It was a rollicking good time at the House Majority press conference in Juneau, Alaska, on Friday. Mark Miller, a reporter from the Juneau Empire cited a recent poll from Public Policy Polling in which only 30 percent of Alaskans were opposed to legally recognizing same-sex partnerships. That means 70 percent of the population in Alaska thinks that gay people should have the right to a legal union. In light of these results, particularly in a conservative state which was the first to amend its Constitution to only recognize marriage as "between one man and one woman," Miller asked the Republican House caucus if they would support legally recognized civil unions or domestic partnerships for same sex couples in Alaska.
He got his answer -- uproarious laughter. Yes, hilarity ensued from those behind the microphones. Leading the bellowing guffaws were Speaker of the House Mike Chenault, and Rep. Craig Johnson (who literally threw his head back laughing). Once the amusement at the thought of civil rights for gay people died down, House Majority Leader Lance Pruitt commented that the caucus wasn't going to address that issue. What they were really focused on were "things that would allow people to have a great life," like making money, and extracting natural resources. Apparently Pruitt believes either the right for your relationship to be legally recognized by the state doesn't help make life great, or gay people are not actually "people."
Miller: I'm looking at a recent Public Policy Polling survey of Alaska that found that only 30 percent of respondents believed there should be no legal recognition of a gay couple's relationship in Alaska. I'm just curious -- would the caucus support the idea of having domestic partnerships or civil unions open to same-sex couples?
Pruitt: Uhhh.... I don't know if I saw that in our guiding principles. (Laughter dies down)
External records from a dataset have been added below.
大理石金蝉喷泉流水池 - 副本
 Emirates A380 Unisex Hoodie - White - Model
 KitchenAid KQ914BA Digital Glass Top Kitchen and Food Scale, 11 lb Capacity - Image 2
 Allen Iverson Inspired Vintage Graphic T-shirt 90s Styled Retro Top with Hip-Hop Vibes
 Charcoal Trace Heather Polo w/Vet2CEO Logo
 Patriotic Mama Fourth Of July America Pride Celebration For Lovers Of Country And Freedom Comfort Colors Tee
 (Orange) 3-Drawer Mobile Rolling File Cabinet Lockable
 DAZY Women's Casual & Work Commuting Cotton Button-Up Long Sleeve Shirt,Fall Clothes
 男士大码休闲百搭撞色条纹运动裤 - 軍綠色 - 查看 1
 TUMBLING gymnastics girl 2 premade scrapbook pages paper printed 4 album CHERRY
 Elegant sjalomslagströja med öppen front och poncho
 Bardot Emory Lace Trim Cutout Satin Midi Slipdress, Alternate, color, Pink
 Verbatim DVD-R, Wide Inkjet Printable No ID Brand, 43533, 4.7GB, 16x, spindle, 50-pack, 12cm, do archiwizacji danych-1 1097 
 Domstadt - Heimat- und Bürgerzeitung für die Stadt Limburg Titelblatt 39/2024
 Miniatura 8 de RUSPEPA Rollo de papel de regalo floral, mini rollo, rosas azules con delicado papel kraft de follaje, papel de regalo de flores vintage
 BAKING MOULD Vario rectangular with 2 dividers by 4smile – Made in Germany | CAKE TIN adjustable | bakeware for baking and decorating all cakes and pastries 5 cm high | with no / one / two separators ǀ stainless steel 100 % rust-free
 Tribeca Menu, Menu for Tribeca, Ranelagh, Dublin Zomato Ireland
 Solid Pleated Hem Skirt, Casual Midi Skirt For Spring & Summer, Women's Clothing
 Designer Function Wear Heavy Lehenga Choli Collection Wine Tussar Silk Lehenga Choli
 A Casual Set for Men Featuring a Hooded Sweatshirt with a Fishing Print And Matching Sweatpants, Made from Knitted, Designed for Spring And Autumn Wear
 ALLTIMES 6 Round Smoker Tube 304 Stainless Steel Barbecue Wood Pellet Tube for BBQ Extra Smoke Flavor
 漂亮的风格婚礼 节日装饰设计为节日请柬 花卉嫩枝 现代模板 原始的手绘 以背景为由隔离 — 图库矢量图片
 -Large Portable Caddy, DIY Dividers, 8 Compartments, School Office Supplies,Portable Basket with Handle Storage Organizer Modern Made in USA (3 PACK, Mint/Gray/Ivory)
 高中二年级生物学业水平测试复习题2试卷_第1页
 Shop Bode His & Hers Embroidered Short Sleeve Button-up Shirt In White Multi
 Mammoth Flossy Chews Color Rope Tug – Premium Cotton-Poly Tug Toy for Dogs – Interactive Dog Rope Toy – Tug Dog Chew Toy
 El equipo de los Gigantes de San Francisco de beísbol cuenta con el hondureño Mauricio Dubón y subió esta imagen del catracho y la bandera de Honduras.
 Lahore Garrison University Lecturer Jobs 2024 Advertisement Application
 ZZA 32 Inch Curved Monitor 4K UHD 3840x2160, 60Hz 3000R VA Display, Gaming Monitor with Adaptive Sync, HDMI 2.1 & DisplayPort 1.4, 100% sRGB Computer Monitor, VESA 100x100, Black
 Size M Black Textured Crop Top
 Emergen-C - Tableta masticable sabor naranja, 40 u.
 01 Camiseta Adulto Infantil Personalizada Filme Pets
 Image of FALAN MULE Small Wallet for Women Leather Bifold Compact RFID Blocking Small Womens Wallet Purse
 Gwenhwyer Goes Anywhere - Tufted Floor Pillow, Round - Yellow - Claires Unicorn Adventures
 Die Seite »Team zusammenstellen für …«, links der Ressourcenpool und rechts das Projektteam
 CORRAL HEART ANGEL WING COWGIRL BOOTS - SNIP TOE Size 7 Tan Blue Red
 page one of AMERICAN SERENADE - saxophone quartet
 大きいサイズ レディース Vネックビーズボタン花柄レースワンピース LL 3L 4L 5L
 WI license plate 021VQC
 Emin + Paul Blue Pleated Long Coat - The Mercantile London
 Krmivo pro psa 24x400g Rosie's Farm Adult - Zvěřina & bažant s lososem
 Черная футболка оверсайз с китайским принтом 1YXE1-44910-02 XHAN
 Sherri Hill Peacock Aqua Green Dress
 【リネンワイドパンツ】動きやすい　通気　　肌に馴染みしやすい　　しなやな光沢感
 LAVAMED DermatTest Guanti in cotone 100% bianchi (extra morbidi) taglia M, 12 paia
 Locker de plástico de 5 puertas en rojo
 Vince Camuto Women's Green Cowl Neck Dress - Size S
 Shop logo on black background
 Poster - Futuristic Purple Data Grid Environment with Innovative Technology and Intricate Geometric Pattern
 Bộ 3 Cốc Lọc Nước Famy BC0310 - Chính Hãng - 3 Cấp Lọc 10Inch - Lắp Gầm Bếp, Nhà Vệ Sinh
As you'll notice, most of the discussion we had in here was related to um... they all intertie. Whether it's economics... economics and its impacts on communities, whether it's roads to resources, which is a lot of... I think what what's is important about this caucus is that we focus on the things that really allow people's uh.. allow people to have a great life. We're not talking... we didn't have a discussion here about what happens inside your home. We had a discussion here about whether you can live... uh... whether you can make money, you can... whether there's a great economy, and whether or not you're going to be... have the opportunity to live in Alaska with a great future. Now, your discussion on that? We didn't talk about that, and uh... I'll be straight. We did not talk about that particular issue, and that was not something that we said, "We're going to make that one of our guiding principles!" It wasn't something that came up in our discussion.
Sifting through Pruitt's large crock of word salad we can glean a few tidbits. In addition to not thinking legal unions contribute to a "great life," we learn that either marriage or gayness apparently only affects one "in the home." Neither does a legal union have anything to do with having a "great future." Equality is not a "guiding principle" for the Republican House caucus, and neither is the overwhelming majority opinion of the voters. Frankly, it's really just about the money. But hey, at least Lance Pruitt is going to be "straight."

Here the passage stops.